Well, if Aristotle said it, could it possibly be wrong? Yes; yes it could. One might think I'm just being argumentative when I take counter positions on things like this but I don't see it that way. I see it as either problems with the language or problems with the concept whenever I disagree with something that seems to be popular with many of my leadership cohorts. In this case it's a little bit of both.

What's my issue this time? It's with the term and concept of "followers".

When I've been in a leadership position, I never thought of anyone who reported to me as a follower. I saw them as coworkers who just happened to report to me because I was entrusted with the responsibility of getting things done by leading the team.

In my mind, just because someone is the leader doesn't mean everyone else is a follower. I look at my sports references for background. Just because someone is a team captain doesn't mean everyone else is a follower. Because someone's been hired as the head coach or manager doesn't mean everyone else is a follower. How can one be a follower when they're making $15 million a year and the coach is making $3 million? Nope, that doesn't add up.

Yet, the coaches are in charge. Do you think they see themselves as ever being followers of any of the players? Would that even make sense in sports?

I've always tried to create leaders, not followers. I wanted to work with people who could work independently, who could make decisions when necessary, and only needed me when the team wasn't working properly, or when we needed an adjustment as a group. Sometimes it didn't work out quite that way, but the overwhelming majority of those who didn't want to be leaders became independent. It was rare when someone wanted to depend on me to tell them what to do all the time; thank goodness!

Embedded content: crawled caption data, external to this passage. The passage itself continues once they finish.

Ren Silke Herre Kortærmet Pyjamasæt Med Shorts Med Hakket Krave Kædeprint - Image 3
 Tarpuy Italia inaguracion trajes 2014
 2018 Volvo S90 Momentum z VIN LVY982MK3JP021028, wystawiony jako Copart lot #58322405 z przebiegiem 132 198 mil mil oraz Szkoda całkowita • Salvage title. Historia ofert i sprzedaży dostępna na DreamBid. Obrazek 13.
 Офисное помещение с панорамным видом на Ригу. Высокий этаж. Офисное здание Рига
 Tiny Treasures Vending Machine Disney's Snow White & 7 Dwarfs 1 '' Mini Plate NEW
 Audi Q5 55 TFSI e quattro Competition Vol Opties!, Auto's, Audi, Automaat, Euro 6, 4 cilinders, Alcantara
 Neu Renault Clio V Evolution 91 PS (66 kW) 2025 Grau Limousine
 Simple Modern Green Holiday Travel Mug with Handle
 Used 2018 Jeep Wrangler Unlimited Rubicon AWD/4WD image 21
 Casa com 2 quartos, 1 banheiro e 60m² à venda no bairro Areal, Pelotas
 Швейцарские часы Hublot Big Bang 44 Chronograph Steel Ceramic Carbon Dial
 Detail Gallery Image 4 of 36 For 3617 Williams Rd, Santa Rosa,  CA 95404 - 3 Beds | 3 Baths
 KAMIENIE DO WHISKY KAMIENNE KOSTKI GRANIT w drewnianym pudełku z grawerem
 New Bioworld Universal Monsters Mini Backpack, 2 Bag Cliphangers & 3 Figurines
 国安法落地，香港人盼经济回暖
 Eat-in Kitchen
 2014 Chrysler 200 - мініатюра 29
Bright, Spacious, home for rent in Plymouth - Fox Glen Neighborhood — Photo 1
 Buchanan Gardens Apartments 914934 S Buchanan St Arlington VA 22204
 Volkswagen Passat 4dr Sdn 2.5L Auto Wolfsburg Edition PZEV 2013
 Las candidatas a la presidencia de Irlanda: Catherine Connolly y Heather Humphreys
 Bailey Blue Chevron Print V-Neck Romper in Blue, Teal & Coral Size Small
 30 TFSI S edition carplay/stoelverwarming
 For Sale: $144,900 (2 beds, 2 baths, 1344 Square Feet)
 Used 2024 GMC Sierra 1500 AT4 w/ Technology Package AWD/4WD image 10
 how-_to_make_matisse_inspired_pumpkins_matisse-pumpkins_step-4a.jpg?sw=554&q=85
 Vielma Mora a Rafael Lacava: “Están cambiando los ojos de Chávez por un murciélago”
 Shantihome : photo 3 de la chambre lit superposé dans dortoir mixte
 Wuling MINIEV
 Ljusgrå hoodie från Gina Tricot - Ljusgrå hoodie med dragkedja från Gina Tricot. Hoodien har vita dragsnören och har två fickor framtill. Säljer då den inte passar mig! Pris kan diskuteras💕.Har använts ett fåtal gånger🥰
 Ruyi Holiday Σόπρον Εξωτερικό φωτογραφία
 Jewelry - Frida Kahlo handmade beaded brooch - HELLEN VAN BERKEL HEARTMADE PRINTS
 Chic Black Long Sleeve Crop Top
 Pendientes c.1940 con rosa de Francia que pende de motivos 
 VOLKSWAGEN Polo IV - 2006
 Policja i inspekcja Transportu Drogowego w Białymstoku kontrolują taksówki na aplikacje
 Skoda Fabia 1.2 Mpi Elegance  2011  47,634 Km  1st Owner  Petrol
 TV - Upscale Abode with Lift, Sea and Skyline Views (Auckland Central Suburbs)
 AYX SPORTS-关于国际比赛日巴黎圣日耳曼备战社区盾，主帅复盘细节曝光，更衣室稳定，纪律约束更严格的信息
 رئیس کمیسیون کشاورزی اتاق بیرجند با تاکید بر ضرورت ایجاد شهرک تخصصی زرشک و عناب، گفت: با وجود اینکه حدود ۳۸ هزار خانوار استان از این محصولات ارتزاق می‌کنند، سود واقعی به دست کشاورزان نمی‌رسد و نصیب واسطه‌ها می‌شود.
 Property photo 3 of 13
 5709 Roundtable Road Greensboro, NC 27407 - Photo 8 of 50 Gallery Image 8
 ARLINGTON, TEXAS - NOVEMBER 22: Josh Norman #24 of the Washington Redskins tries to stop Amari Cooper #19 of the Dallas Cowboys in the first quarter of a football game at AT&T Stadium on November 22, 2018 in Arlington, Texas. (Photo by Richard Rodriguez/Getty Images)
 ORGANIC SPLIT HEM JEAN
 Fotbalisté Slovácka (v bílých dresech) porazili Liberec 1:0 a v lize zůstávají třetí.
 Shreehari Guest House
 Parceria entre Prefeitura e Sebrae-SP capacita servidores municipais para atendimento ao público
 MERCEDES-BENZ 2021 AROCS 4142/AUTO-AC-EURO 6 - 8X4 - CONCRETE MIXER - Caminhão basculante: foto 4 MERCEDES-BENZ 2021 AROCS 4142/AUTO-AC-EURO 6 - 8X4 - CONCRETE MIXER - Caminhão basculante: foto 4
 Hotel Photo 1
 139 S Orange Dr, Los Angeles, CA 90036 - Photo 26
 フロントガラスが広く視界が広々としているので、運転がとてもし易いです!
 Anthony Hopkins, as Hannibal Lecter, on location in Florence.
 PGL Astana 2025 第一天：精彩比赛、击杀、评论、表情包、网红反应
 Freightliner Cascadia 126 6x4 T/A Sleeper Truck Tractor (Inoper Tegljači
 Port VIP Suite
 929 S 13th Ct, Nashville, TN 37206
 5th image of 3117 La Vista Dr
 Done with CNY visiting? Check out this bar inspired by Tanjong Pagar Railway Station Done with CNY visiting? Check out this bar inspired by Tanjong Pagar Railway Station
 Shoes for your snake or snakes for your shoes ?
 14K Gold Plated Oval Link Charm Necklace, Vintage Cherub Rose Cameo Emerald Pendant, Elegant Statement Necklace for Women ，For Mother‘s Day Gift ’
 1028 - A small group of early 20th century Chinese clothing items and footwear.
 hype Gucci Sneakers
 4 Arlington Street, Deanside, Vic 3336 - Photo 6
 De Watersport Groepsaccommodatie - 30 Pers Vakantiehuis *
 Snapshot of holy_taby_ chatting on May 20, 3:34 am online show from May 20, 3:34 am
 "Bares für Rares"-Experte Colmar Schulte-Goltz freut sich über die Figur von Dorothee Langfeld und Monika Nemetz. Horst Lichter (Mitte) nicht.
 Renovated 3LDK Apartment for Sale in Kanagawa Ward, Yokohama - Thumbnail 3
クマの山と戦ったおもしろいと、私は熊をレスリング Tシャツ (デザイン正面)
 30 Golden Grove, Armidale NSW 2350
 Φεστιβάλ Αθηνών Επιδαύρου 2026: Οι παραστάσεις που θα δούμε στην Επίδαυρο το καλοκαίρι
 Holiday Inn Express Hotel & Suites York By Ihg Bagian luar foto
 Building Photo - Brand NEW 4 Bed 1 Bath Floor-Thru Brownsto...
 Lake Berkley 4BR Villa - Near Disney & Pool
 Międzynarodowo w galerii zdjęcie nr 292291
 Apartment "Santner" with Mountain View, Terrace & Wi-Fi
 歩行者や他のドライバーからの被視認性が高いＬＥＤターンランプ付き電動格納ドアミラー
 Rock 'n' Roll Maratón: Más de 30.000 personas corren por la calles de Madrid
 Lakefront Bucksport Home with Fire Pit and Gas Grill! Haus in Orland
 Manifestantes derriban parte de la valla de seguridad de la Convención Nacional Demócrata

I read a lot of other articles before deciding to take this particular position. I wanted to see what others might be saying along the lines of leaders as followers. Here's some of what I came across:

* A lady named Carol Giannantonio said this: "What I mean by this is the ability to identify and follow the patterns of success within your organization-follow the footsteps of others who are "great leaders".

* A guy named Jim Kouzes said this: "So if we were to look at leadership and followership though this lens, here's what we'd be asking people to follow:

A clear set of values and beliefs consistent with their own
A vision of the future that they share.
Creative ideas that enable the organization to make changes so that the values and vision can be realized
Other people whose strengths and talents contribute to realizing shared values and vision, and teams whose collective capacity is greater than our own.
Our hearts and the esteem we have for the people who make it possible for us to get extraordinary things done"

* A guy named John Cameron asked this question: "Am I modeling behavior that I would find abhorrent in a follower?"

* A lady named Gwen Moran gave these 5 skills of being a follower that would make you a better leader: awareness, diplomacy, courage, collaboration, critical thinking.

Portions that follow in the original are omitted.